El Espejo Mas Viejo: An Unreported First Ascent in Cochamo

I’ve been in Indian Creek for the last week or so remembering how to climb cracks, and catching up with old friends about far away lands. Much reminiscing about Cochamo had me thinking about this story, which I wrote years ago. A very very curtailed version of it that covered the initial anecdote appeared in Rock and Ice as an article called, “The Worry Stone”.
That article never mentioned Cochamo, and the bulk of the story never saw the light of day – ’til now.

‘Stupid’ was the only word I could think of for it.  Who onsight free-solo downclimbs in an area they’ve never climbed in before, anyway?  Of course, most people I know group all soloing into the category of ‘stupid’.  When you immerse yourself in an artform, your appreciation of its nuances grows immensely.  Still, in this particular case, I felt ‘stupid’ still applied.  But by this point, I was committed.

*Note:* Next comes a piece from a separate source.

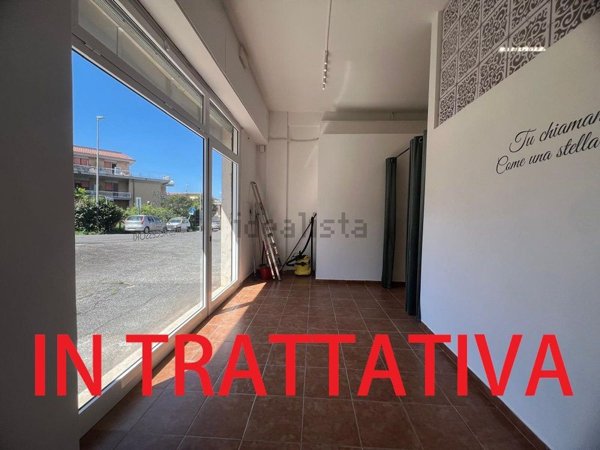 locale commerciale in affitto ad Albano Laziale in zona Cecchina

I think if I were six feet tall, I would have been able to simply step down to that sloping gray knob.  But height was not one of the gifts my parents bestowed upon me.  Hence, my fate was to pull the living @#$% out of that small flat crystal protruding from the blunt corner to slowly lower me down that last foot.  ‘Okay’, I thought, ‘here goes’.  Somehow, I pulled both too hard, and just hard enough.  As I tenuously stepped down, I felt the crystal my left hand was crimping break from the wall.  Yet instead of flying backwards to my death, my fingers managed to push the piece against the wall – the flat quartz feature acting now as an extension of my fingertips.  Gently I touched down on the knob, and took my hand from the wall.  To my surprise, neither I nor the crystal had fallen.  I looked in amazement as the crystal clung, as if glued, to my fingertips.  ‘For safe keeping’ I thought, as I slipped the crystal into my chalk bag. Then, as an afterthought, ‘and as a reminder for next time’.  ‘Stupid’, I chuckled to myself, as I made my way down the rest of the wall on comparatively easy terrain, linking gray knob to gray knob like stepping stones in a white granite river.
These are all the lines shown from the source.